The protests are also in large part a response to the disappointments of the Obama administration. Indeed, almost every policy demand that OWS might possibly voice has already been proposed, debated and defeated—at a time when Democrats controlled all branches of government. Members of Congress considered but declined to enact proposals to impose a tax on Wall Street transactions; to limit executive compensation; to fund a mass WPA-style jobs program; to allow bankruptcy judges to mark underwater mortgages to market; to make it easier for Americans to form unions and bargain for better wages; to eliminate tax benefits for companies that transfer our jobs overseas; and to forswear any more NAFTA-style trade treaties. The OWS refusal to articulate policy demands reflects the conviction that any remedies that fit the scale of the problem are impossible to pass—not only in the current Congress but in any Congress we can realistically imagine.
I say this as someone who at this time last year was working as senior staff on the House Labor Committee. I still believe in the importance of that work, because even modest accomplishments at that level can improve the lives of millions. But this crisis calls for more than modest accomplishments.
I went to Washington in 2009 because, like many others, I believed the moment was finally ripe to make progressive changes for working people. But I discovered what we all kind of knew beforehand: if the Republicans are cheerleaders for the 1 percent, most Democrats are quiet collaborationists. I met some very dedicated and hard-working people in Congress. But ultimately the Democrats are too beholden to big money. In last year’s Congressional elections, more than two-thirds of all campaign contributions came from one-quarter of 1 percent of the population. Even Democratic candidates got ten times as much money from corporations as they did from labor unions. There is simply no chance that the little people will triumph over big business in this process.
There has been much written about “disillusionment with democracy” in Latin America, as many countries replaced dictatorships with democracy only to discover that their new governments were powerless to address the most pressing problems of poverty and inequality. Democracy is measured not only by the fairness of elections but also by the scope of national life that is subject to popular control. When the dictates of foreign debt or trade treaties put core economic decisions beyond the control of elected representatives, “democracy” becomes a cruel joke or, worse, a spectacle designed to absorb popular frustration while the real deals go down elsewhere. Keep your eyes over here—don’t pay attention to that man behind the curtain!
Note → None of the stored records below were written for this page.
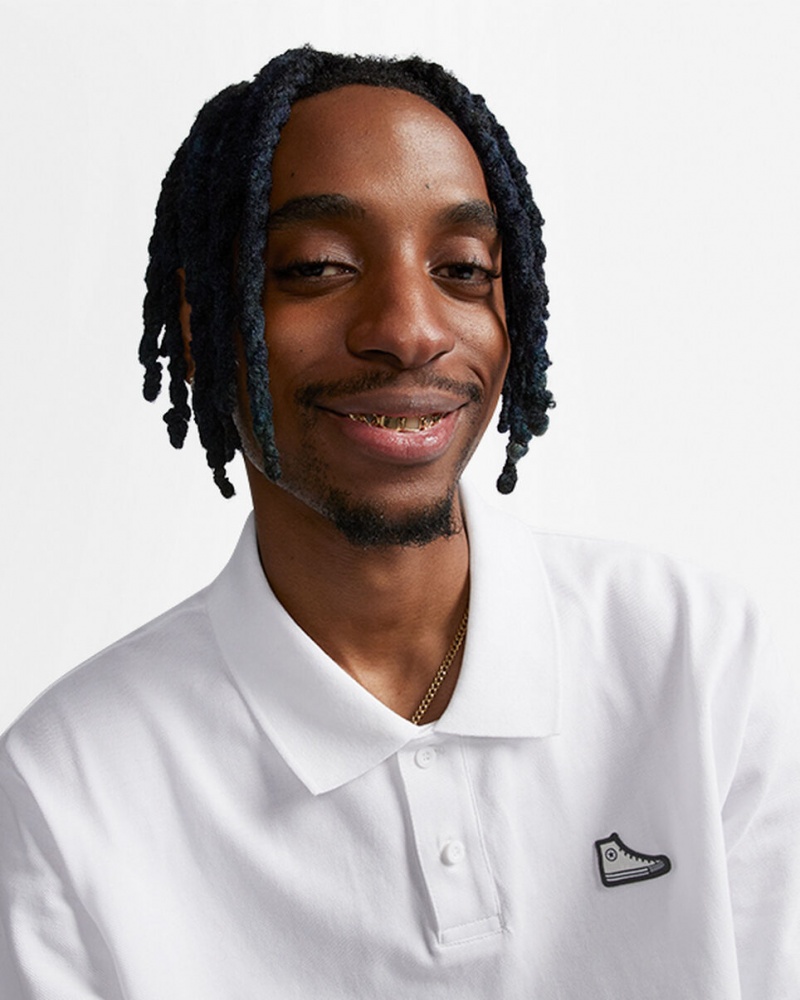 Converse Shoe Patch Polo Shirt Białe | 869713-UXF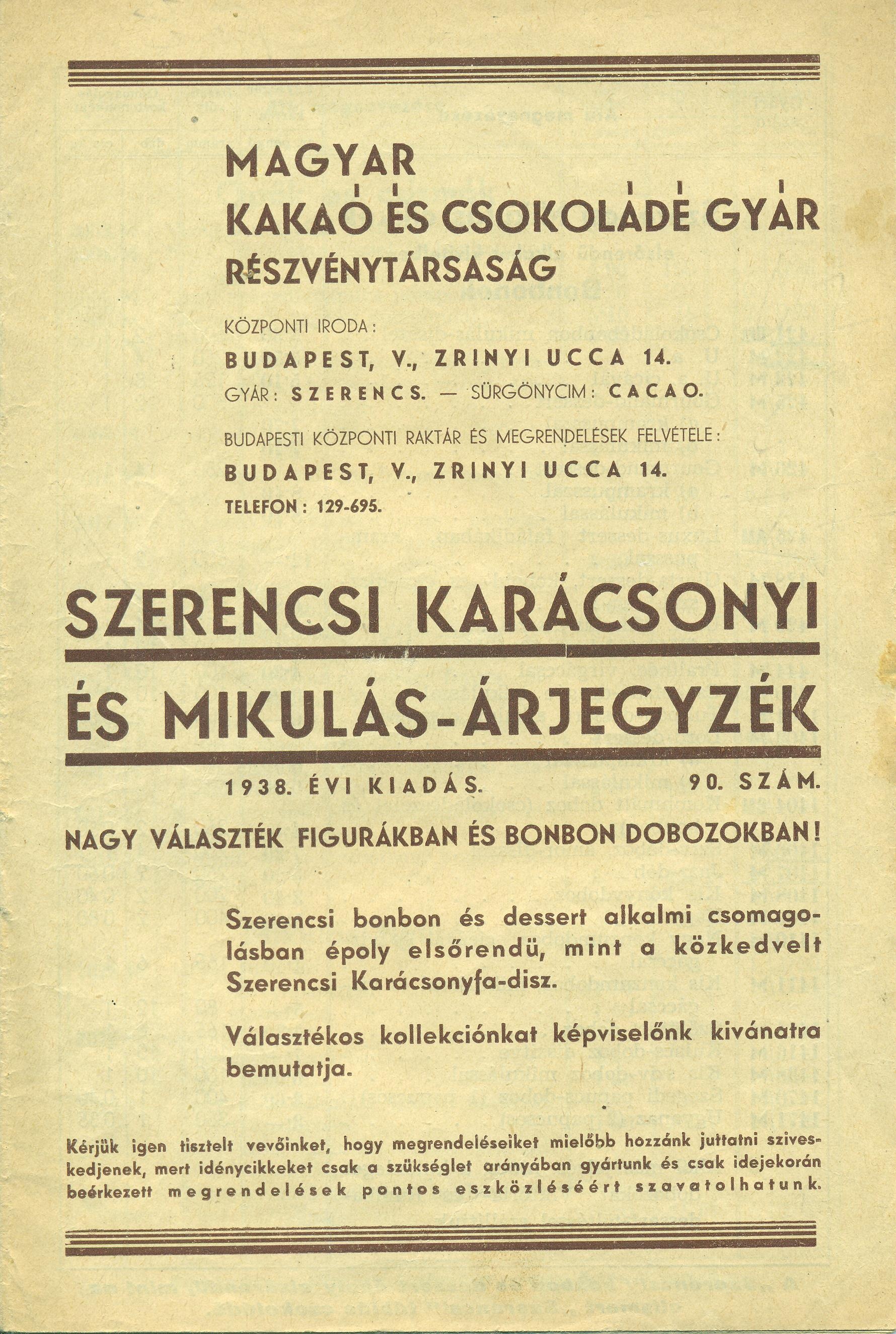 SZERENCSI CSOKOLÁDÉ ÁRJEGYZÉK (Magyar Kereskedelmi és Vendéglátóipari Múzeum CC BY-NC-SA)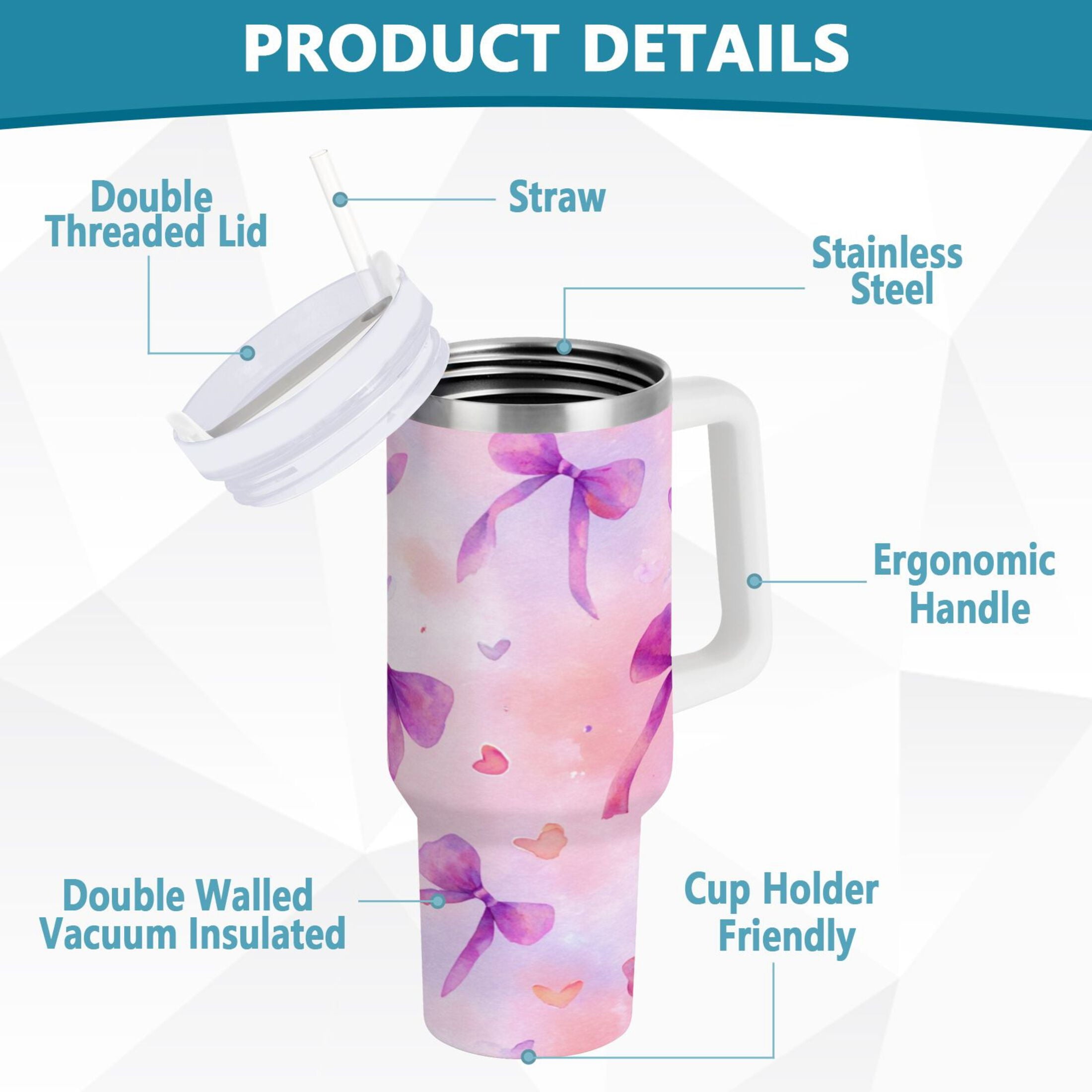 30 oz Insulated Stainless Steel Tumbler Double Wall Stainless Steel Tumbler with 2-Way Drinking Watercolor Purple Bows - MCPD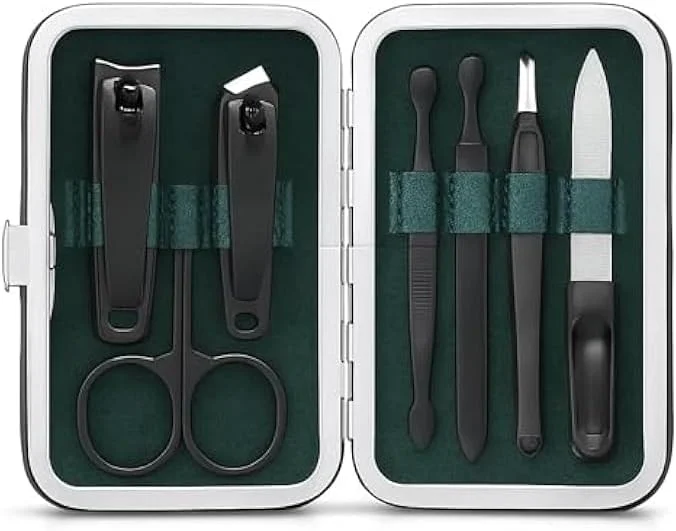 ست مانیکور فیتو جمع و جور 10.7x6.7 سانتی متر - کیت مسافرتی قابل حمل ناخن با ناخن گیر، قیچی، سوهان، موچین، عقب زننده کوتیکول و جعبه استیل ضد زنگ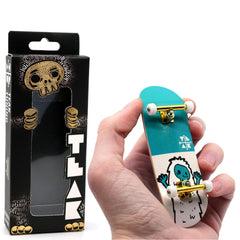 Teak Tuning Teal Yeti graphic deck with a glossy maple finish for smooth control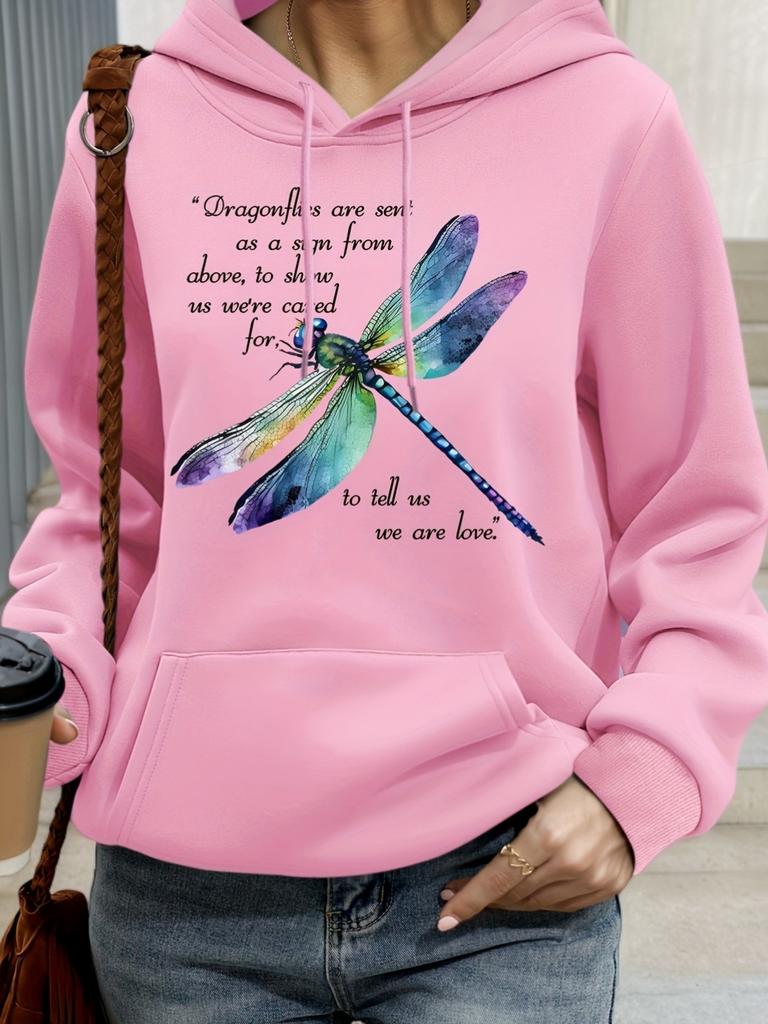 Unisex 2026 Dragonfly We Are Love Quote Printing Hoodies Womens Pocket Casual Pullovers Fleece Multicolor Hoody Autumn Loose Sportswear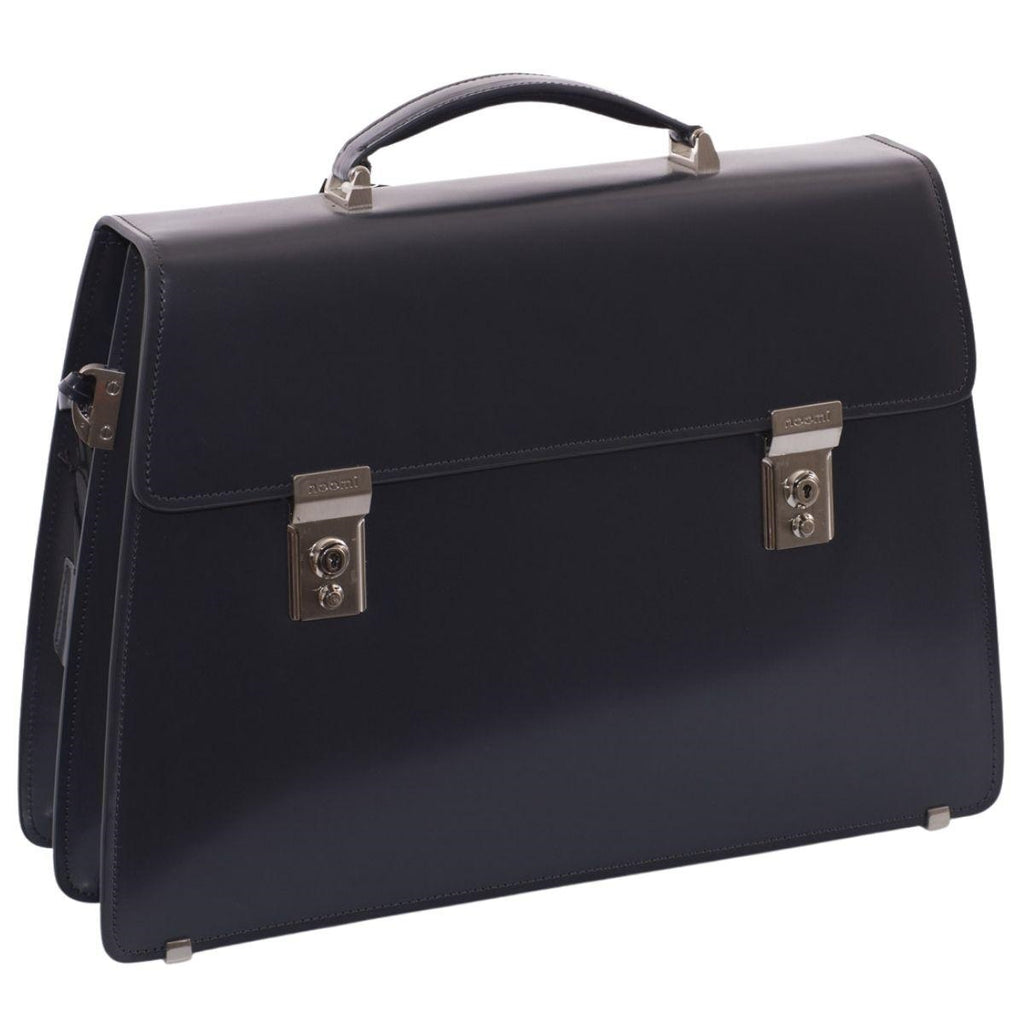 Cartella in pelle blu Kate, 44x12x32 cm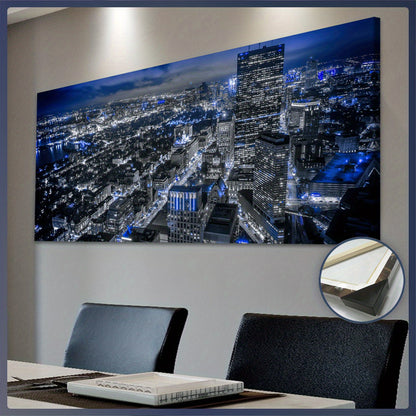 1pc Wooden Framed City View Painting Canvas, Good Gift for Friend, Pattern Art for Home Decoration, Wall Decor for Living Room, Bedroom, Office, Bar, Restaurant, Waterproof, Odorless Painting, High Quality Waterproof Framed,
The OWS moment seems to reflect a recognition that we have joined our neighbors to the south in being ruled by a system that, whatever its other virtues may be, is powerless to solve the most important problems plaguing the country.
It is this realization, even more than the demand for economic redistribution, that makes OWS such a radicalizing experience. Policy demands aimed at Congress implicitly affirm the legitimacy of the legislative process. The refusal to submit demands is a refusal to legitimate an illegitimate system.
In some ways, it’s the White House that pushed people to turn outside the system. The administration has long admonished the left not to expect too much. Former press secretary Robert Gibbs famously declared that “the professional left” needed to understand that things like “Canadian healthcare” are simply “not reality.” The president repeatedly asks that we appreciate his modest achievements as the high-water mark of what can come from such a limited system. For the OWS protesters to be coaxed back into the legislative game, they’d have to believe that Obama is lying when he says this is the best we can expect. The problem is that the protesters believe the president is telling the truth.
As Barack Obama and Mitt Romney hone their lines, trying to work out a position that sympathizes with the aggrieved while reassuring their donors, the OWS message to both candidates is the same: “This isn’t about you. It’s between us and them,” pointing up to the Masters of the Universe on the executive floors—not the mouthpieces of the corporate chieftains but the actual power.
OWS is clearly inspired by Tahrir Square. Yet Egyptians succeeded in toppling the Mubarak government not because they occupied the square but because their occupation exerted direct pressure on the country’s most powerful business interests. As SUNY Stonybrook sociologist Michael Schwartz has detailed, by shutting down the tourist industry, disrupting construction projects whose financing had already been committed and initiating general strike actions that threatened to shut the Suez Canal, the occupiers of Tahrir threatened the interests of the economic elite—and that is what brought down the regime.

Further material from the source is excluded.